Leprosy today afflicts millions worldwide.  Recorded in an Egyptian papyrus dated 1550 BC, and visible on an African tribal mask with facial deformities are findings of lepromatous leprosy.  Biblical references include Miriam, sister of Moses who was stricken with the disease, her face covered with snow-white scales.  She was banned from the camp until she was healed.
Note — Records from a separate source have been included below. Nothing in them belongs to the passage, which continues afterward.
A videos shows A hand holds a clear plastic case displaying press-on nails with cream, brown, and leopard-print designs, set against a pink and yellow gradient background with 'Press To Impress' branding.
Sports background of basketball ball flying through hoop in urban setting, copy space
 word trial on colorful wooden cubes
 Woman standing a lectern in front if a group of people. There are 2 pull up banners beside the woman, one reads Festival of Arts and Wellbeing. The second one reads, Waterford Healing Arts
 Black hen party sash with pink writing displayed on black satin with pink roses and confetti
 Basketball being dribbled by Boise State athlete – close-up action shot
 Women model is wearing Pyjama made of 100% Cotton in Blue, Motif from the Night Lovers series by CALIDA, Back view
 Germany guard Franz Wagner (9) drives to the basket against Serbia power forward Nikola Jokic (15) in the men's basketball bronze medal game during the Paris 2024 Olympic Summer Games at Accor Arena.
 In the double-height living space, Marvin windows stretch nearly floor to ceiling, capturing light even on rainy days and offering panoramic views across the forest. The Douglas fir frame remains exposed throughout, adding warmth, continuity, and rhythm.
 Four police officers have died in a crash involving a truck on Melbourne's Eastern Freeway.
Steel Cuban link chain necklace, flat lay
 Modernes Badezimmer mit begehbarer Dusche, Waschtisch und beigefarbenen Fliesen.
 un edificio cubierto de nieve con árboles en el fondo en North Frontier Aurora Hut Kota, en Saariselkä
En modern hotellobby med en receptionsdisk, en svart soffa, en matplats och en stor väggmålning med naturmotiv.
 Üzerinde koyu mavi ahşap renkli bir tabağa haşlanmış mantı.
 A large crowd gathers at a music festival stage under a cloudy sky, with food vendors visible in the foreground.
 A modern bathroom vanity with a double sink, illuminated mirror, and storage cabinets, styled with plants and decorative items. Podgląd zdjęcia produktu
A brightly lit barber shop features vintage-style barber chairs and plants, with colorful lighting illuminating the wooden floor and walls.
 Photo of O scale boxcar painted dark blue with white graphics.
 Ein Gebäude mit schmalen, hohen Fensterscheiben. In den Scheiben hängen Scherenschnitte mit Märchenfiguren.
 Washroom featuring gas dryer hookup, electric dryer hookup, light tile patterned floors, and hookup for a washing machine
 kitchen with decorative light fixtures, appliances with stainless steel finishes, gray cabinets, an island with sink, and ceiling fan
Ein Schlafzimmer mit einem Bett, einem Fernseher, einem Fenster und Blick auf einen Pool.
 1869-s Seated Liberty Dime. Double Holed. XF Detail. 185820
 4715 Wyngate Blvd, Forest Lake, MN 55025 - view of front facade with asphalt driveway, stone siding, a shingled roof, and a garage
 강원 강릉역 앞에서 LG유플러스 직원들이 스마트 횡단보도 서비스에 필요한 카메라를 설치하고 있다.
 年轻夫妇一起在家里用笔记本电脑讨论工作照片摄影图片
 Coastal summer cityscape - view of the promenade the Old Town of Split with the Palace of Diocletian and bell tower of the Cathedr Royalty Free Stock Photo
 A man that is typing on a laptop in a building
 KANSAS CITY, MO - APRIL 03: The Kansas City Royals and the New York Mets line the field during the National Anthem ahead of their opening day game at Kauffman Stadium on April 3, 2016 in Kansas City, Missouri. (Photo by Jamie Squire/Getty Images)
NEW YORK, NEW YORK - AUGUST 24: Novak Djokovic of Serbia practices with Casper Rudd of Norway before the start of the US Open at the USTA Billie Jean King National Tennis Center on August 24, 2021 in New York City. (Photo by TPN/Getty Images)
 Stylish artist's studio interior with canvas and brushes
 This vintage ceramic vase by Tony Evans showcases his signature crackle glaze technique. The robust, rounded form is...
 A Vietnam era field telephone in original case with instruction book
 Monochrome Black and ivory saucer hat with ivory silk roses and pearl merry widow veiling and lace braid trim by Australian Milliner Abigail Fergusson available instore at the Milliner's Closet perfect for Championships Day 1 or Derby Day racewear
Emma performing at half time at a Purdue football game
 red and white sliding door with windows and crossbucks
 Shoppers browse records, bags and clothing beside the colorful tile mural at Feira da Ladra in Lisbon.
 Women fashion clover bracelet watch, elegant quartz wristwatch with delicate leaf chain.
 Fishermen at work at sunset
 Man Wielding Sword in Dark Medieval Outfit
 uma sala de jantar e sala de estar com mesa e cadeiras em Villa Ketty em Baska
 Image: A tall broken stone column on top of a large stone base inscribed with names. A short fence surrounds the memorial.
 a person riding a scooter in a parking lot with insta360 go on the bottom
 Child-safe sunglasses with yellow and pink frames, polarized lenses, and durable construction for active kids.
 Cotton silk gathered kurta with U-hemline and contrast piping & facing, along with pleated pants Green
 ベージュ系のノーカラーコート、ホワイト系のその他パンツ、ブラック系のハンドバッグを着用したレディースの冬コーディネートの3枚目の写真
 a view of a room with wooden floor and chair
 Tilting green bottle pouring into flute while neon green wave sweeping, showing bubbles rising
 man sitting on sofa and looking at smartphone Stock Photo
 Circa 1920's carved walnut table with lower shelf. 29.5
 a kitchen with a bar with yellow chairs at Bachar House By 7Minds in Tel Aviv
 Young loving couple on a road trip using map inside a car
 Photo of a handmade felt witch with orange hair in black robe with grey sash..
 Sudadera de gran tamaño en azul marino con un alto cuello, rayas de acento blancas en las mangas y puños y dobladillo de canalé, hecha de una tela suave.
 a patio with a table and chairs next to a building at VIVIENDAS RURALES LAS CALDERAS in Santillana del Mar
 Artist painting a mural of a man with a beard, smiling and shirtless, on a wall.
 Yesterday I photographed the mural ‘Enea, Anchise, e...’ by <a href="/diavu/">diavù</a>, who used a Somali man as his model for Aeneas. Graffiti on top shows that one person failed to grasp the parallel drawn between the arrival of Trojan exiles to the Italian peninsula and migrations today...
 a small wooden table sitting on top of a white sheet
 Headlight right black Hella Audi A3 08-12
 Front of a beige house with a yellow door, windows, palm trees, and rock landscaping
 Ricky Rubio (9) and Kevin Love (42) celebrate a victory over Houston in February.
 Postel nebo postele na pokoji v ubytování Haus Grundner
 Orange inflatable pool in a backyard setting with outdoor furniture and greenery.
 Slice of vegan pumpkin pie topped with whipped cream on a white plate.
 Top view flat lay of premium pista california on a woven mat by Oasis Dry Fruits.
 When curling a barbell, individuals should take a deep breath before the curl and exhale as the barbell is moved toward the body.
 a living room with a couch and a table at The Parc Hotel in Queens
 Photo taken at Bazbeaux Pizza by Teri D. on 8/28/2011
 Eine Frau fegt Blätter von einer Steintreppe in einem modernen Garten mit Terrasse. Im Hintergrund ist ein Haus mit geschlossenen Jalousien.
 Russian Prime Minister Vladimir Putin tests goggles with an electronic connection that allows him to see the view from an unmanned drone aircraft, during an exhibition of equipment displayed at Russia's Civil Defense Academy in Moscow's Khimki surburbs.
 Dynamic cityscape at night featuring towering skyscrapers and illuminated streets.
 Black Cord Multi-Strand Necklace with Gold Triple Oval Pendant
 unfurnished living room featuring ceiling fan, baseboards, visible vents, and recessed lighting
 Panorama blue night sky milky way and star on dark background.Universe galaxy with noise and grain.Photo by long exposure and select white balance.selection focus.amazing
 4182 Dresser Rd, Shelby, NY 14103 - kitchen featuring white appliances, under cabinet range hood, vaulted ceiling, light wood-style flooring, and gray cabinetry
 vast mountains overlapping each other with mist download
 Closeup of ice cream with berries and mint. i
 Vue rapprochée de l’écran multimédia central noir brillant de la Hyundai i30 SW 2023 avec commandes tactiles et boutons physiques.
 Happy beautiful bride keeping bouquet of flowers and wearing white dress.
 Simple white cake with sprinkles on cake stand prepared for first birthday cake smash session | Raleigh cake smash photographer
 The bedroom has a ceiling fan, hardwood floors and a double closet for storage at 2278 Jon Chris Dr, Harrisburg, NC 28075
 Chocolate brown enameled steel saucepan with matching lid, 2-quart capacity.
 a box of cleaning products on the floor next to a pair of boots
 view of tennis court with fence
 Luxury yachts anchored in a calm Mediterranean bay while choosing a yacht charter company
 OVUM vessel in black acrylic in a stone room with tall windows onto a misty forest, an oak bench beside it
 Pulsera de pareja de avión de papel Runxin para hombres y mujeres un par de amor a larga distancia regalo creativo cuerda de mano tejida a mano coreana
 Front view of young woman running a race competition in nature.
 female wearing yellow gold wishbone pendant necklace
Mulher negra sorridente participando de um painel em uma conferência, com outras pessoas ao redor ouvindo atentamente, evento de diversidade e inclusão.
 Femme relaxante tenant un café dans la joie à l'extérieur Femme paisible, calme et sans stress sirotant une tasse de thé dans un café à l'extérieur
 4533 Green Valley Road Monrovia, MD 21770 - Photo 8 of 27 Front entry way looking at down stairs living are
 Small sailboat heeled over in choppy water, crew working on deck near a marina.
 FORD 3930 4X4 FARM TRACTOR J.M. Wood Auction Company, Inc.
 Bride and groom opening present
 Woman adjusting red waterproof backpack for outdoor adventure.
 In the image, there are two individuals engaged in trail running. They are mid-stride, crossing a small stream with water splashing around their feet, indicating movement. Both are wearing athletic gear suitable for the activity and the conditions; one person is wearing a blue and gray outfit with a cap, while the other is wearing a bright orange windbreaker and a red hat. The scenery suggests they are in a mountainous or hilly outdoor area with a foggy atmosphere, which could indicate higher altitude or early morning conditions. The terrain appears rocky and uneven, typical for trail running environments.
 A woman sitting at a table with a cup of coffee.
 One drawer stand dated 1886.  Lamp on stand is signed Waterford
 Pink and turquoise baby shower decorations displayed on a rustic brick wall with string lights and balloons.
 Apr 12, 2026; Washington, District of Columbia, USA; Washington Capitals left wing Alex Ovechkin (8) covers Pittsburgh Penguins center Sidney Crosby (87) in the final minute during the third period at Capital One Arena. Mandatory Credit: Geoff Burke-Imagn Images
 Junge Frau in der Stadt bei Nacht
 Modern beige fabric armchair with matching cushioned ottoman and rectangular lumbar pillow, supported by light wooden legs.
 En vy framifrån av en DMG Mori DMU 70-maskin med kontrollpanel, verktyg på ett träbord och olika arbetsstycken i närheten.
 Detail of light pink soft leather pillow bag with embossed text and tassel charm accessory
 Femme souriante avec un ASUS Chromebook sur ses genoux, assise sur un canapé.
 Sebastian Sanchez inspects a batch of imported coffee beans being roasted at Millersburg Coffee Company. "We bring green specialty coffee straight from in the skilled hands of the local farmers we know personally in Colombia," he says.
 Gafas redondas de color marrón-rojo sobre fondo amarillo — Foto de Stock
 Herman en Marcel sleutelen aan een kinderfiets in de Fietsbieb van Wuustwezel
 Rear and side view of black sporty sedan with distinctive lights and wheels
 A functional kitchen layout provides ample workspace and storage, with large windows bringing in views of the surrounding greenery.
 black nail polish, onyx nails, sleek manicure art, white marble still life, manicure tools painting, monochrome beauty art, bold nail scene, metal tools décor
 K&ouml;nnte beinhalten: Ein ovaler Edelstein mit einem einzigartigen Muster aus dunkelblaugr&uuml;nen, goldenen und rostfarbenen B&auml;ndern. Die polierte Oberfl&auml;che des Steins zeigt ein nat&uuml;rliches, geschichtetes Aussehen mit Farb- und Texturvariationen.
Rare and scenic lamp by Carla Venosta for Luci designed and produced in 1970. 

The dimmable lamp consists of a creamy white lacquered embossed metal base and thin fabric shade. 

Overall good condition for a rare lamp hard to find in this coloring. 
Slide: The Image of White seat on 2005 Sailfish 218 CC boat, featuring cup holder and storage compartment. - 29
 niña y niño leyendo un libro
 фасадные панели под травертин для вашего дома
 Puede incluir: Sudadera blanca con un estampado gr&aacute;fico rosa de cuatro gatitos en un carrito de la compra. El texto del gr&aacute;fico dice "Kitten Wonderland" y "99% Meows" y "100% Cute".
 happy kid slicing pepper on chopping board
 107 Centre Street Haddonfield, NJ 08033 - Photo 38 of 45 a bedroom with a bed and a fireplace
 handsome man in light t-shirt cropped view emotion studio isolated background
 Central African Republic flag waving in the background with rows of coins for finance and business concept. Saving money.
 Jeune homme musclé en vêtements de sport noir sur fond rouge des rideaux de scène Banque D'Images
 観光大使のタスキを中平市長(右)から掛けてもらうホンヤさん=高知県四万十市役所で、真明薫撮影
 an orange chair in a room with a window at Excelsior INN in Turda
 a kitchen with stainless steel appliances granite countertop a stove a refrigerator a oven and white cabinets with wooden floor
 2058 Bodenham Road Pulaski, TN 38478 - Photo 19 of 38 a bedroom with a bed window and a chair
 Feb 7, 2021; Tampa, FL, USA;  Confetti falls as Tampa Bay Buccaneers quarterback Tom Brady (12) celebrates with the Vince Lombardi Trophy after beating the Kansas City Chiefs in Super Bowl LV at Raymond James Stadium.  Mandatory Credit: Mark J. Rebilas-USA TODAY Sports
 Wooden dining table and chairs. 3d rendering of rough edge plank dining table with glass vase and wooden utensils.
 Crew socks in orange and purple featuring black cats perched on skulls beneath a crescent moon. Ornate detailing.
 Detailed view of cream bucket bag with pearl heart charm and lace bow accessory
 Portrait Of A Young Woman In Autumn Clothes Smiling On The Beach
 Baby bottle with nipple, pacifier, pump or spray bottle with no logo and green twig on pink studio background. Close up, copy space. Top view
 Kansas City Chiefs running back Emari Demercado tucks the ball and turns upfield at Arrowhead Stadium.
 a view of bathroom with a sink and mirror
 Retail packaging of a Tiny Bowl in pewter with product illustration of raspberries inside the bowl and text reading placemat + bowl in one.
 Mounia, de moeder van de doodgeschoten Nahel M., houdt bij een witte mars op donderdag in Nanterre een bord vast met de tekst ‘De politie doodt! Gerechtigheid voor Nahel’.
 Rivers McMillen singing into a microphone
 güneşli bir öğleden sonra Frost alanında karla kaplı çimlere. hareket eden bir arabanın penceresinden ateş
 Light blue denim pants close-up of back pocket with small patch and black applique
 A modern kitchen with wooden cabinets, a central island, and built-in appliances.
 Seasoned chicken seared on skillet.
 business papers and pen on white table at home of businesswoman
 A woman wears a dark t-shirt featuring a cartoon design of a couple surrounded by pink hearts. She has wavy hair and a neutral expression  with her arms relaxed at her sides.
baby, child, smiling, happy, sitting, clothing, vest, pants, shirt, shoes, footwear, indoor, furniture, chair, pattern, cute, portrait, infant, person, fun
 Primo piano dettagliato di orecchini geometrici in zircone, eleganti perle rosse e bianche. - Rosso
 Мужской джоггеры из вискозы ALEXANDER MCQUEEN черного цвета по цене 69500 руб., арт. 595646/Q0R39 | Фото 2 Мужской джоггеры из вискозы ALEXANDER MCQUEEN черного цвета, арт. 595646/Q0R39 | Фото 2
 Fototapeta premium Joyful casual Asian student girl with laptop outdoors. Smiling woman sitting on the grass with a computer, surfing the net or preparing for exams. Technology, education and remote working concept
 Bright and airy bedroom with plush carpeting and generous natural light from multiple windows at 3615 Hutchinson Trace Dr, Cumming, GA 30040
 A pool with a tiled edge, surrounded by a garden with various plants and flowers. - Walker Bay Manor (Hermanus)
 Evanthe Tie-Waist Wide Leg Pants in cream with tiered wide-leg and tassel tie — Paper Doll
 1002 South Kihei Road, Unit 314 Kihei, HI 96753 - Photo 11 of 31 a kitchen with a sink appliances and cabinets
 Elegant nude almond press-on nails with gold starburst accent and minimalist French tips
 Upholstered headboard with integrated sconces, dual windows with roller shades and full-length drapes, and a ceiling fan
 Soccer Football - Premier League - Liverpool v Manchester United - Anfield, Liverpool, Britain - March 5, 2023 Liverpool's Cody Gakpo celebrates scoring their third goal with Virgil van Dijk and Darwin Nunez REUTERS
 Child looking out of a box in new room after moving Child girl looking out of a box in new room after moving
Numbers 12:1, 9-15 

 

Scholars have proposed that Biblical references to "leprosy" may be polygenic, plausible, if not obvious, but not exclusive of the disease known today as Hansen's disease.

 

Lepers were shunned, made to wear certain colors and bells warning people passing by on the streets to stay clear.  Later, states required their exile to remote colonies.  They were the original "untouchables."  Lew Wallace wrote, first published in 1880, about the incarceration of Miriam and Tirzah, mother and sister of Judah Ben-Hur, respectively:

 

They were thrown into a dungeon cell where prisoners were known to contract leprosy. Miriam had found a slowly enlarging lump on her palm, and, suspicious, took her daughter into the cell's only sliver of daylight and saw, to her horror, white plaques of leprosy in Tirzah's eyebrows." [1]                 

 

"Her skin was white as leprosy,

            The Nightmare's Life-in-Death was she,

            Who thicks a man's blood with cold."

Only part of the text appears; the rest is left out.